Return the data below exactly, minus the pictures.
** Opening Available data block **
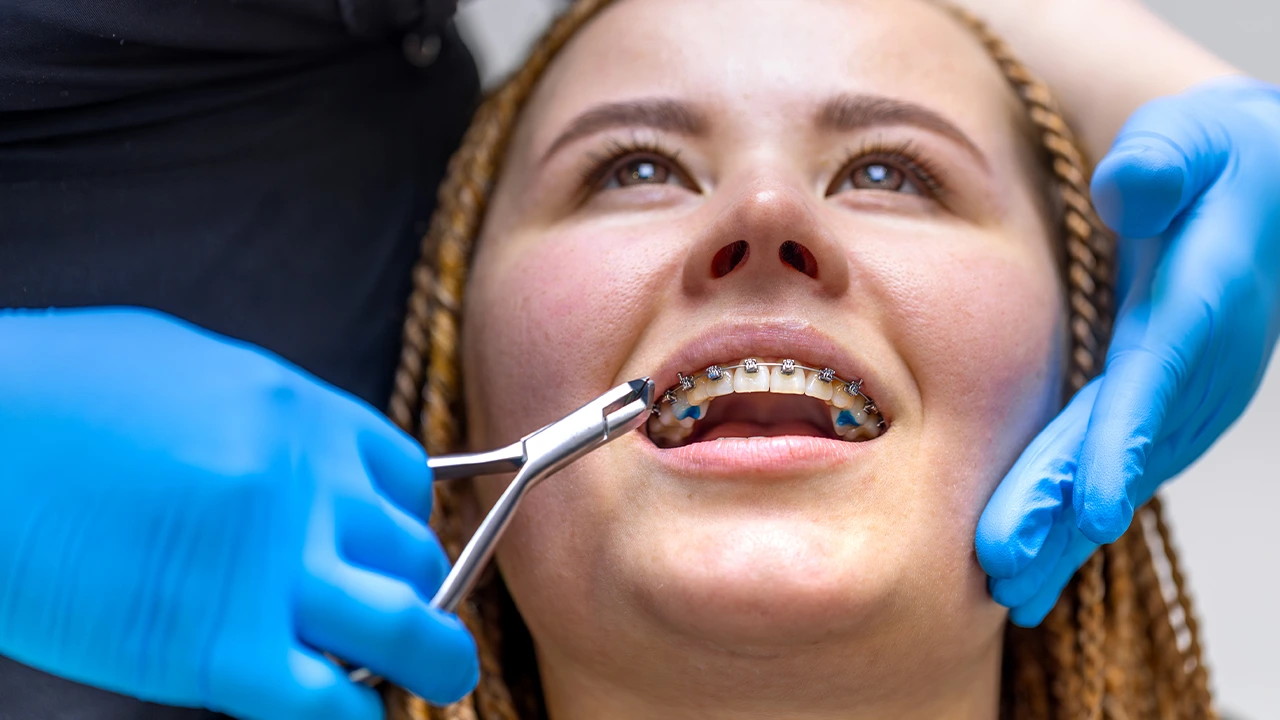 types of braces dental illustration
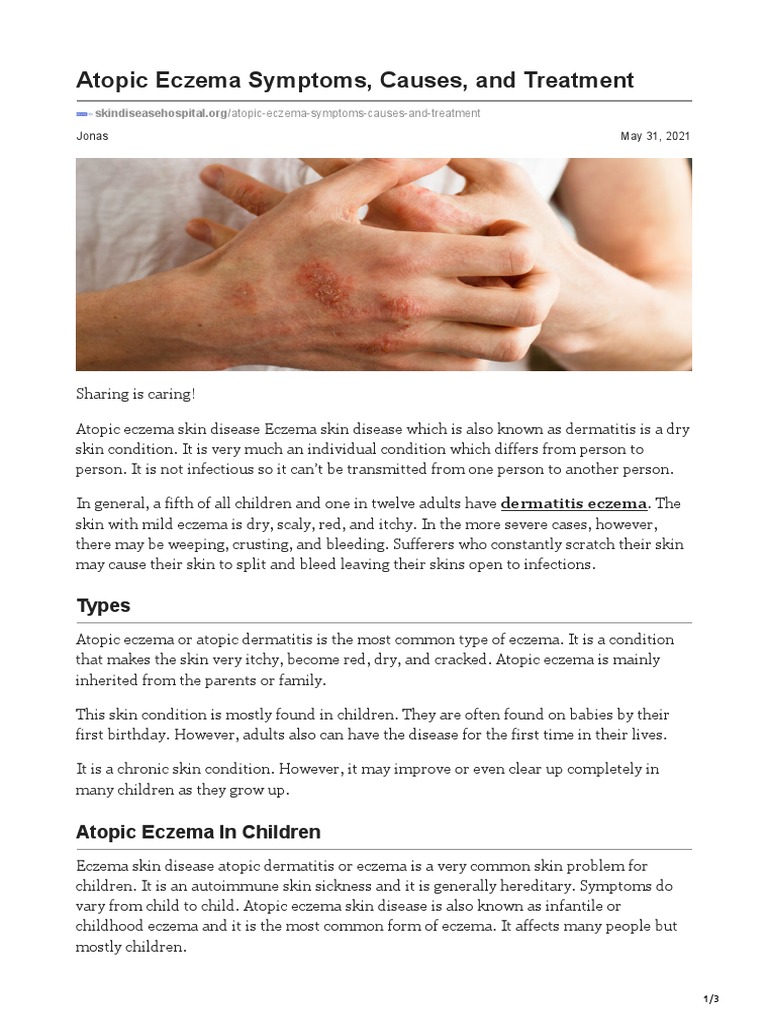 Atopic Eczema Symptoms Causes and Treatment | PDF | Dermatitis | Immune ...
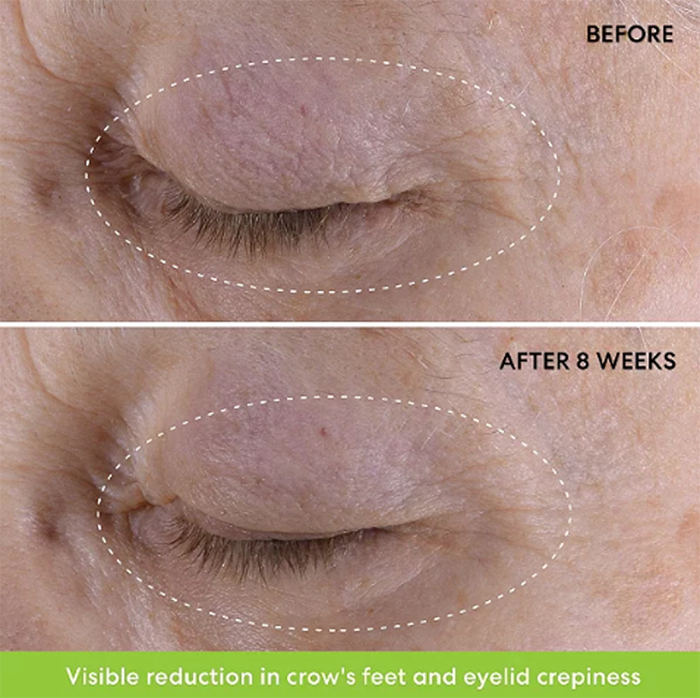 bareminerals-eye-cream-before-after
** Closing Available data block **
▶ **Task answer**
 types of braces dental illustration
 Atopic Eczema Symptoms Causes and Treatment | PDF | Dermatitis | Immune ...
 bareminerals-eye-cream-before-after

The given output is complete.